Well, we can start from a completely skeptical position about all moral duties. This would make us nihilists. If we can ask, why is it a moral imperative to respect one’s parents, we can also ask why is it a moral imperative to not harm others? The atheist and secularist do not have a compelling or even consistent response to this. Simply look at the state of moral philosophy in the halls of Western academia. There is no consensus on even the most basic questions. Everything is constantly in dispute. The confusion is tangible.
As far as we’re concerned, atheists and secularists are not even in the running.
Theists, however, fair far better. Muslim, Christian, and Jewish theologies each provide an overarching theory of God, the universe, and humanity. It is in context of these broader theories that moral imperatives are grounded and find meaning. These theories can then be evaluated and compared. Which one is most consistent? Which one is most compelling?
When we look at Christian and Jewish ethics, they have undergone significant changes especially in the last 100 or even 50 years. For example, many Christian and Jewish denominations now find no moral qualms with same sex behavior. Their theological and ethical considerations of family relations and the family institution have also significantly shifted in order to mirror and accommodate the dominant social forces of modern secularism, liberalism, and capitalism. What justifies these shifts? Is it a belief in progress, namely that ethics must progress as civilization progresses?
Well what does civilizational progress even mean? And what does it mean for ethics to “progress” such that what was once considered a moral abomination 100 years ago is morally permissible or even laudatory now? These are questions that most Christian and Jewish denominations do not have answers for. They too have fallen victim to the pressures of modern cultural hegemony. Islam, in contrast, has resisted these pressures. This is often why, for example, Islam is considered morally “backwards” and retrograde, but Islam is only “retrograde” if the last 10 or 20 years of Western culture are considered the measuring stick by which to grade religions. By that measure, all of humanity prior to, say, the year 2000 or 2010 were in the dark abyss of moral purgatory. This is a baldly arrogant perspective on world history and a thoroughly uncompelling narrative. Islam safely avoids the entire dilemma, where most Christians and Jews are embroiled in its plain implications.
We can also evaluate the overarching theories of Christianity and Judaism. Providing full critiques is beyond the scope of this short post, but areas of pressure can be put on the Trinity, of course.
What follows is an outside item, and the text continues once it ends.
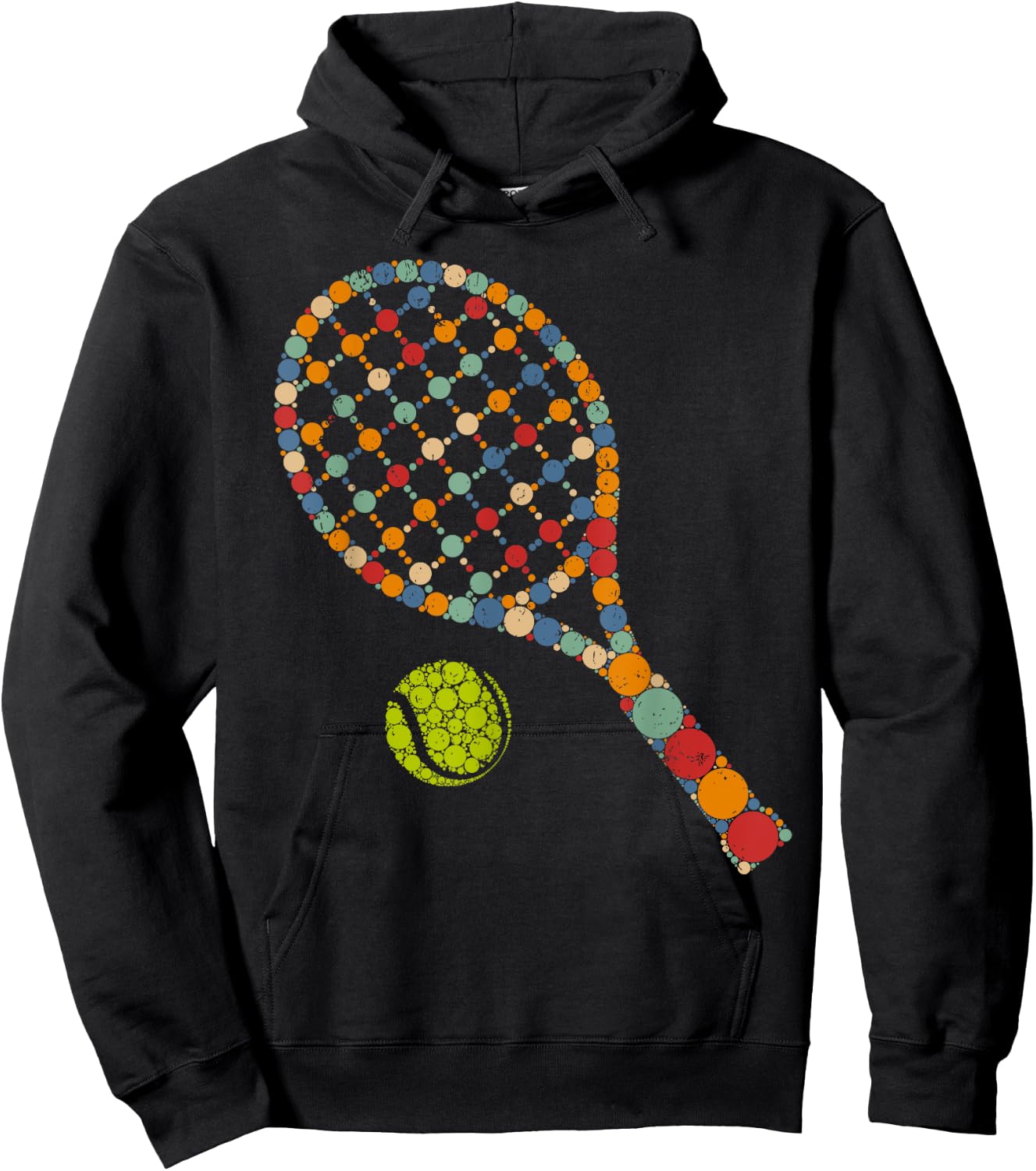 Retro Tennis Player & Ball With Polka Dots Happy Dot Day Boy Hoodie - Hoodie | Black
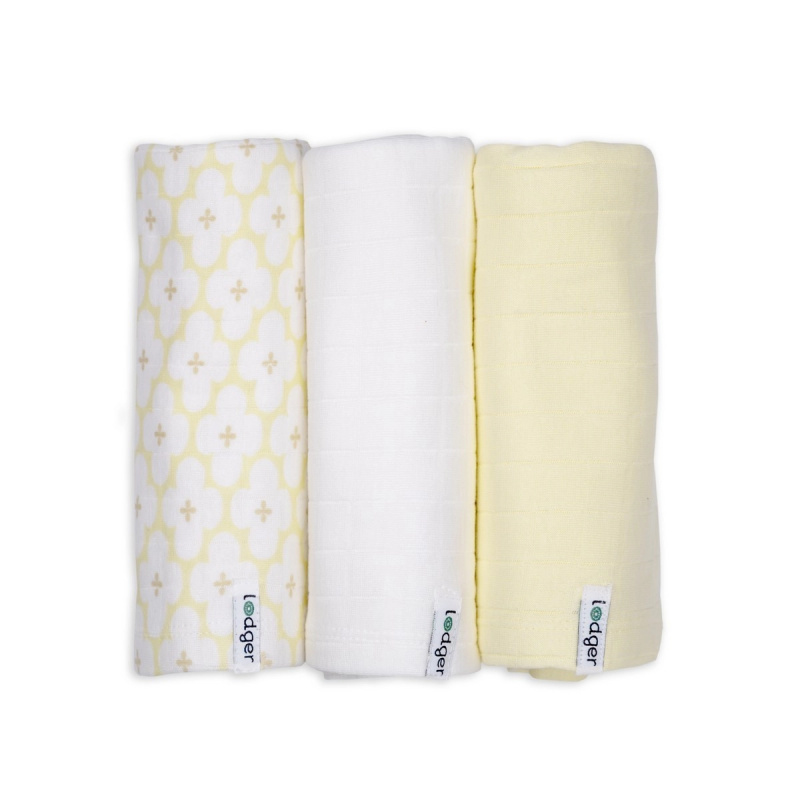 LODGER Swaddler Solid Matcha 3balení 70 x 70 cm Butter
As for Judaism, their theology historically borrowed a great deal from Islamic kalam discourse in the 12th century (Maimonides being the most prominent example of a Jewish theologian actively engaging in the debates and theological discourse of Islamic Spain).
The only objections people these days raise about Islam are that the Quran and Sunna sanction practices that people with Western liberal cultural sensibilities find problematic. This is pretty weak. Many of the things that people today find objectionable about Islamic law and ethics were considered completely acceptable and unproblematic simply 10, 20, or 100 years ago. But again, the vague, inconsistent notion of “moral progress” is incessantly invoked to handle this obvious critique. Without substantiating what “moral progress” amounts to and explaining how moral truths concerning human nature can be conditional on time, these objections cannot be taken seriously.
In the end, Muslims have the most compelling overarching theory. And those of sound intellect can also investigate the specifics of Islamic morality, including imperatives such as the 10 listed above, to see how beautiful and profound Islamic normativity actually is. Muslims, meanwhile, enjoy the sweet fruits of abiding by the deen in this life as well as the life to come bi idhnillah. Non-Muslims are always welcome to accept Islam and experience all this for themselves. And if they are not interested, we simply say, lakum dinukum waliya din.